Denise: So I would go back to the first one because the third becomes moot and with the second I've got a point on that but then I go back to the first. So when you really drill down on who's saying what to whom, it's David saying to Solomon that God said. But you don't see ever it saying God said. You just see David running with zeal and then adding a little bit more to it like, "Did he say you can't eat it? No we can't even touch it." Just like that add-on, add-on. So 1 Chronicles 22, David says to Solomon that God said to David.

Steve Gregg: Wait a minute. Are you saying that David is lying to Solomon?

Denise: No, heavens no. Not lying at all. He so originally his heart and his zeal said to Nathan, "I've got this thing in my heart and I'm going to build it." And so and Nathan said, "Go for it," because of course you just you're encouraging.

Steve Gregg: Yeah, I know and we can't really tell that whole story now because my lines are full. But so the point you're making is that you don't think God did instruct Solomon to make the temple.

Denise: Well for you just we'll put a pin in it. Go back and find because God was meticulous with his descriptive and prescriptive to Moses on what to do. And then think about the New Testament, look at how Tabernacle is used by the apostles and by Jesus versus Temple. Think about the Temple, what it was, was built with foreign money by slaves, it was stone, it was it was copied after the culture of the day versus the Tabernacle which was skin.

Steve Gregg: Okay, so so it sounds like you're saying when David said that God revealed by revelation the plans for the first temple and gave them to Solomon, that David was actually not really telling the truth about that. That he was kind of lying.

Denise: So look into the I'm not saying anything. I'm just saying that it says David says to Solomon that God said to David. The other and I'll finish on this because I would love for you to keep digging in because I know you're a digger-inner. When Nathan, I love this one thing about David, I know I love a lot about David, his heart for God. Let's make it quicker please. Go ahead and give me your point. I don't even need to make the point. When David sinned, the son in line of Jesus is Nathan that he named after the prophet that called him out. Solomon is it's man's ways, God's ways, Tabernacle with you, dwell with you versus I'm going to set up something that looks like the world. So I defer to you and I'm going to let you go. Thanks for your time.

Steve Gregg: Okay, thanks for your call. Yeah, it sounds like your argument is that we're not told in the Bible by the narrators that God spoke to David about this, but we only have David's own statements about it to Solomon which you're saying we can't trust. I don't know. I don't think we need for the Bible to tell us more than what David said unless, of course, the Bible gave some reason to distrust David on the matter. And I don't know that there's any reason to distrust David's words on this. I don't think David lied to Solomon because we do know from 2 Samuel 7:12 that God did say that David's son who would sit on the throne after him would build a house unto his name.

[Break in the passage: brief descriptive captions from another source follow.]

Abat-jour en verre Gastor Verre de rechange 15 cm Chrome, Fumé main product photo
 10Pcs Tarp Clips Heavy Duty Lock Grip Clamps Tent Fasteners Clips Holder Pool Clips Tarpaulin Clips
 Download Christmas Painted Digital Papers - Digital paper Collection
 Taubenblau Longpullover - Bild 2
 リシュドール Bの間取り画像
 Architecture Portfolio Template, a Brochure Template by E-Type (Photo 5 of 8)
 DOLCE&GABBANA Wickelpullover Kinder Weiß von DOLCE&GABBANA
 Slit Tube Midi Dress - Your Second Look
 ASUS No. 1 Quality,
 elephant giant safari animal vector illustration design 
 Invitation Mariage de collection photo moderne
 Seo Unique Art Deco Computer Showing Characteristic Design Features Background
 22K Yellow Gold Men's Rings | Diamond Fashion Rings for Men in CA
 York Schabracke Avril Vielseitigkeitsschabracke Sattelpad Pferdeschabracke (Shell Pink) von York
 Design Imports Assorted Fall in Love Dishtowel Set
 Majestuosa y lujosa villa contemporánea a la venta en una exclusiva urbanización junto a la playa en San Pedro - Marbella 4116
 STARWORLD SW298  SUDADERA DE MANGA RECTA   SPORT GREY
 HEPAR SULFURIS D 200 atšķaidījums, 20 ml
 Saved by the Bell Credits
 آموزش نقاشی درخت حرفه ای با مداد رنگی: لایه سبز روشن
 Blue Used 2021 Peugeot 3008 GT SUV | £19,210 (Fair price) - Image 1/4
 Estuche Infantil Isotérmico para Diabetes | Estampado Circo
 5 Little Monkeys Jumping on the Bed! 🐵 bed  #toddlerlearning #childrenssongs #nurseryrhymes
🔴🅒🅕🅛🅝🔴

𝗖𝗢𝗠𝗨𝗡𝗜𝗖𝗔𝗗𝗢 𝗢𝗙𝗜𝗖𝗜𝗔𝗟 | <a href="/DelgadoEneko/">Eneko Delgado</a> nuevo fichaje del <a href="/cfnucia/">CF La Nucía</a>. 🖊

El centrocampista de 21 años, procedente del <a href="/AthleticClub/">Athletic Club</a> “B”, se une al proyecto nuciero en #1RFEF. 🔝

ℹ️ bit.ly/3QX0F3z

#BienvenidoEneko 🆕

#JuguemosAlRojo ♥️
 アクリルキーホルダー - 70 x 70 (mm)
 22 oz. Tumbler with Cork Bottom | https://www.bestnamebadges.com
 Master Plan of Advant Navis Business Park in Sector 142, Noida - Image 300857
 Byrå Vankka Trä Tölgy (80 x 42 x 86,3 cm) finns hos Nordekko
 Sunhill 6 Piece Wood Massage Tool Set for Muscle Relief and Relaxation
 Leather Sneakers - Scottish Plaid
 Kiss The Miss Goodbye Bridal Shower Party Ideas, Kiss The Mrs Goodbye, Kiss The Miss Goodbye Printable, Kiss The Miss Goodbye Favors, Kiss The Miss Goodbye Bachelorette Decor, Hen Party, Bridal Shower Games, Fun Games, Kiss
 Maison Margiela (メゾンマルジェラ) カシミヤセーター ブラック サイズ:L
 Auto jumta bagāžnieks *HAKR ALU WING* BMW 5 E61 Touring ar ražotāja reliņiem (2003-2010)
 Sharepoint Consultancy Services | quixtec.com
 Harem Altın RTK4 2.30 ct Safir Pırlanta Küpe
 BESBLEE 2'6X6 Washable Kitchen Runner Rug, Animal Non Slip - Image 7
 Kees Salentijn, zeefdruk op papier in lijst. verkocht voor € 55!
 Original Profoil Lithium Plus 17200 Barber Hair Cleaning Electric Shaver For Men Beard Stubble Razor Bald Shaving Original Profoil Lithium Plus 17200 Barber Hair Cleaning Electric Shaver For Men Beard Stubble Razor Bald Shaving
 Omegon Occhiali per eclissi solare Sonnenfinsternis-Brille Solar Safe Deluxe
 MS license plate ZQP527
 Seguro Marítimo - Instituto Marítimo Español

Now he didn't describe the house in detail but if later on we're told in Chronicles that God did actually reveal the pattern of the house to David, I guess I take his word for it. I'm not really sure of any reason to say it isn't so. It did become a more permanent structure than the Tabernacle was. Like I said, there's no evidence that God's initial idea was to replace the Tabernacle with a temple and he may have done that as a concession to David, it sounds like. But on the other hand, I don't really read of any disapproval on God's part of it. And it sounded like once God made the promise to David that God was in on the project.

But I will say this as Stephen said in Acts chapter 7, the Most High does not dwell in temples made with hands. Any temple or Tabernacle that was ever built was only an emblem of a house of God and a type and a shadow of the body of Christ which is the true temple. All right, I appreciate your call. Let's talk next to Stephen in Ontario, Canada. Stephen, welcome.

Stephen: Hi Steve, thank you for taking my call. I'm going to my question. So I'm reading from Gospel according to John chapter 3 verses 5 and 6. "Jesus answered, 'I tell you the solemn truth, unless a person is born of water and spirit, he cannot enter the kingdom of God. What is born of the flesh is flesh and what is born of the spirit is spirit.'" Could you please tell me your interpretation of that water and spirit? What does it mean? I've researched different opinions but I cannot make up my mind.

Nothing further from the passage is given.